The company's recent situation
Baiyun Airport issued the “Notice on Signing a Cooperation Contract for the Operation of the T1 Terminal Outbound Duty Free Project”. According to the announcement: 1) T1 exit tax exemption is operated by China Exemption Group; 2) The area of the duty-free shop is 1747.18 square meters, and the operating rights transfer period is 20 months+X months, of which X months are the contract renewal period, and the specific time is determined based on the date T3 is activated and T1 stops its international function; 3) The rent uses a guarantee and a higher commission method, and the guarantee is RMB 2,180 per square meter/month. The guarantee is slightly adjusted according to the growth rate of passenger volume; the sales commission ratio is 23.15%.
reviews
We think the direction of rent adjustments is largely in line with our expectations.
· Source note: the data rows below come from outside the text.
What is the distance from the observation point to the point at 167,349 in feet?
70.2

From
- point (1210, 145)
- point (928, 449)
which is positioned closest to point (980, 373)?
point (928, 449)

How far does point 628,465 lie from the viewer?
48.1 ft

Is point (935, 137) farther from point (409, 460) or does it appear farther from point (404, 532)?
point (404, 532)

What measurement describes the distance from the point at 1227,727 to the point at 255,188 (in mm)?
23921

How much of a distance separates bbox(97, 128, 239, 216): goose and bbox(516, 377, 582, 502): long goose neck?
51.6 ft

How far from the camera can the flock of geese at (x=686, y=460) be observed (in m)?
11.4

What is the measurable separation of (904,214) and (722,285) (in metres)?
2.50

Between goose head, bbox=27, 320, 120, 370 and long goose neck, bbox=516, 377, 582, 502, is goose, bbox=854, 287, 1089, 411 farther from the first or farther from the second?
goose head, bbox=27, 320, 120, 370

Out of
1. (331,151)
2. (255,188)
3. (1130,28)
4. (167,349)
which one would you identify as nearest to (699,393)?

The company has not previously announced the details of the T1 exit store tax exemption agreement. The company's current basic commission rate for T1 and T2 inbound stores is 42%, and the T2 outbound stores are 35%. The unit comprehensive guarantee rent for the first year of signing the contract is about 7,800 yuan/square meter/month. We think it may be partially affected by the Ministry of Finance's policy regulations on duty-free rents in 20191, that is, the rent unit price of outbound duty-free shops must not be higher than 1.5 times the average unit price of domestic retail commercial rent including tax; the sales commission shall not be higher than 1.5 times the average commission rate for domestic retail businesses including tax included in the domestic department; the sales commission shall not be higher than the average commission ratio of domestic departments including retail sales tax 1.2 times
We expect the contract to have little impact on the company's actual performance. The company's T1 international flights resumed operations in the summer of 2023.2. According to CAPA, currently only about 29% of international flights (number of seats) enter and leave the country through the T1 terminal. At the same time, we estimate that the operation and layout of the company's T2 terminal duty-free shops may have a certain advantage over T1, so T1 outbound duty-free shops may contribute relatively little to sales.
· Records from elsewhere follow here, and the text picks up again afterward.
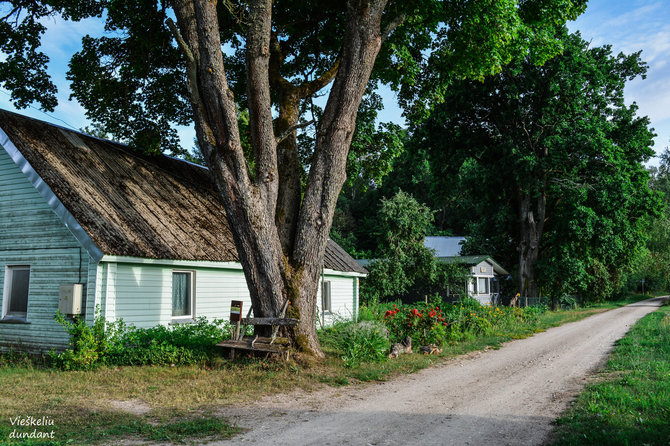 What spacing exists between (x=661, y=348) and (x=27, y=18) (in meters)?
21.2

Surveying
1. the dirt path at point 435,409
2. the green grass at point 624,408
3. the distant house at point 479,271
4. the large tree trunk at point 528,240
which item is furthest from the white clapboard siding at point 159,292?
the large tree trunk at point 528,240

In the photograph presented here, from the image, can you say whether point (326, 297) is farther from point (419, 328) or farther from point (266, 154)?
point (266, 154)

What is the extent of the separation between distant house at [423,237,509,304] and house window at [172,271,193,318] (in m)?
19.6

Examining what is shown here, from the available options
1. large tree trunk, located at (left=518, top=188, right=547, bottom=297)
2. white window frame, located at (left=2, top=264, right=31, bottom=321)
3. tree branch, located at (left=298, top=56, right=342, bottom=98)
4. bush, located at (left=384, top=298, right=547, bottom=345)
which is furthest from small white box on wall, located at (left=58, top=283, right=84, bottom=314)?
large tree trunk, located at (left=518, top=188, right=547, bottom=297)

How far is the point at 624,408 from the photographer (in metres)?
6.96

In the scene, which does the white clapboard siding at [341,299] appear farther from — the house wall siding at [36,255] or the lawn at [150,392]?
the house wall siding at [36,255]

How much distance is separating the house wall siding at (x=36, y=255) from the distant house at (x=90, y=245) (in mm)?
27

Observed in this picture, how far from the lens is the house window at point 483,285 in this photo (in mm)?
36750

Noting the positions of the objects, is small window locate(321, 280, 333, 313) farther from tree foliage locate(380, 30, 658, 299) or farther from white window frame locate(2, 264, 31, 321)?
tree foliage locate(380, 30, 658, 299)

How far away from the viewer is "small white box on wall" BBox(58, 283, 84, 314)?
38.1 feet

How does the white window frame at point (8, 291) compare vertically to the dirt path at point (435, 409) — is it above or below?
above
Profit forecasting and valuation
We maintain the company's 2024/2025 profit forecast of 12.03 billion yuan and 1,244 billion yuan unchanged.
The current stock price corresponds to 20.7 times the 2024 price-earnings ratio and 20.0 times the 2025 price-earnings ratio.
Maintaining an industry rating and target price of 12.90 yuan, corresponding to 25 times the 2024 price-earnings ratio, there is 22.5% upside compared to the current stock price. We recommend continuing to monitor the company's duty-free business in the later stages (mainly including discounts on fragrance products and the arrival of tobacco and alcohol categories), as well as the progress of the third phase of the project.
risks
Tourist demand fell short of expectations; the development of the duty-free business fell short of expectations; and the cost increase brought about by the Phase III project was higher than expected.